So the Federal Reserve actually added $14 Billion of MBS last week (and sold $7.3B of Treasuries). I guess this is the fabled "Quantitative Tightening."
Probably nothing. I slightly edited below.
Why is the Fed's MBS position still going up?
It takes mortgage-backed securities up to 180 days to settle. Increases in the MBS position are most likely old purchases settling. The Fed
issays they are letting $17bn of mortgages amortize off the balance sheet per month. The MBS position will allegedly shrink, but on a week-to-week basis, it will fluctuate.
Whatever. The Fed’s balance sheet is still growing. For the ramifications of this check back to my Nick Halaris piece from the other day.
I was waiting for this: “Starwood Capital Group is exploring the sale of two portfolios of single-family rental homes, seeking to unload roughly 3,000 properties as the once-frenzied US housing market cools.” Since we’ve now financialized everything on Earth (thanks Ben!), these homes will be sold to a couple of institutional landlords, not 3,000 young families.
When he wasn’t hanging out with the Russian president's relatives, Eduard Gomberg says he made $1.5 million last year running a network of 66 Airbnbs from Tucson to Tel Aviv…Gomberg's story illustrates how Airbnb, the popular online booking site that began as a way for homeowners to rent spare rooms, has become a magnet for far-flung wealth-seekers who are turning entire Tucson housing complexes into vacation rentals…"It's one thing if you rent out a room in your house. But when you rent out the whole house you've removed it from the residential market and transferred it to the hotel market."
“There are neighborhood streets where people used to hang out on their porches and talk. And now you see them replaced with these McMansions that people come into on the weekends and use to throw large parties and then take off,” he explains. The McMansions and large parties are possible because houses that used to be rented for a year by people who live in Austin are now rented for a weekend by people who just visit Austin.
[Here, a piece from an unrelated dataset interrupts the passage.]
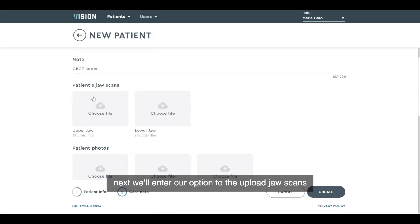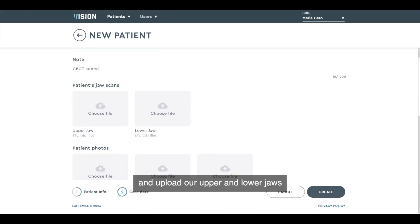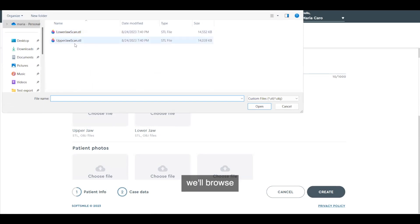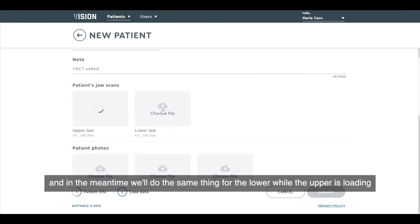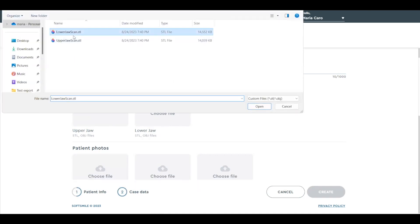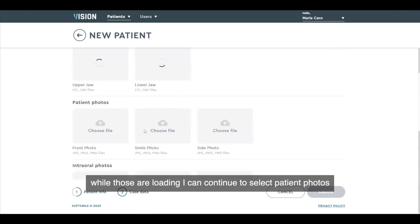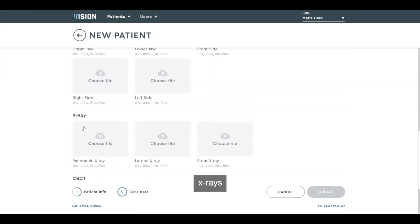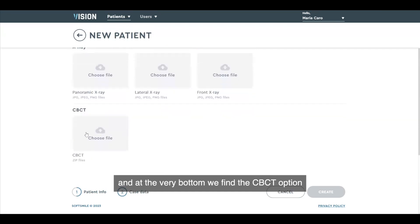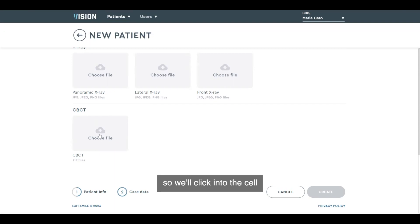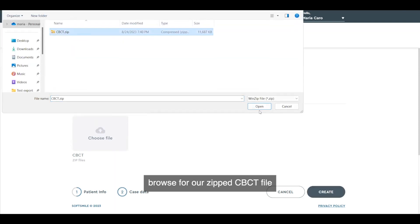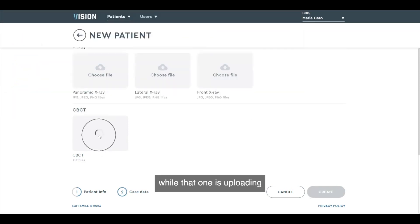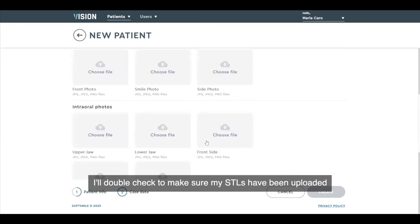Next, we'll enter our option to upload the patient's jaw scan. We'll simply select the cell by clicking into it and upload our upper and lower jaws. We'll browse and select the case. In the meantime, we'll do the same thing for the lower while the upper is loading. While those are loading, I can continue to select any patient photos, intraoral photos, x-rays, images like panoramics, and at the very bottom we find the CBCT option. We'll click into the cell, browse for our zipped CBCT file, and upload it.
The Chronicle found almost 5,000 San Francisco homes, apartments, and private or shared rooms for rent via Airbnb. Two-thirds were entire houses or apartments, showing how far Airbnb has come from its couch-surfer origins, and contradicting its portrayal as a service for people who rent out a spare room and interact with guests.
Interesting analysis. “Yes, there is currently a fundamental shortage of housing, but the US population is growing at .4% (1.3 million people per year) while the housing supply is expanding by 1.8 million houses per year, so if that were the main driver then housing prices should have been cooling off these last 5 years as home building ramps back up and population growth declines to record lows. Instead, housing prices have obviously only been accelerating.”
More Than 8 Million Americans Are Late on Rent as Prices Increase “About 15%”
The 1.2 million-square-foot AT&T Tower in St. Louis “sold for $4.1 million, equal to $3 a square foot, in May 2022 after spending approximately five years in special servicing. The real estate-owned asset was liquidated with a 100 percent loss severity on its $107.1 million in outstanding debt prior to disposition. “ Wow.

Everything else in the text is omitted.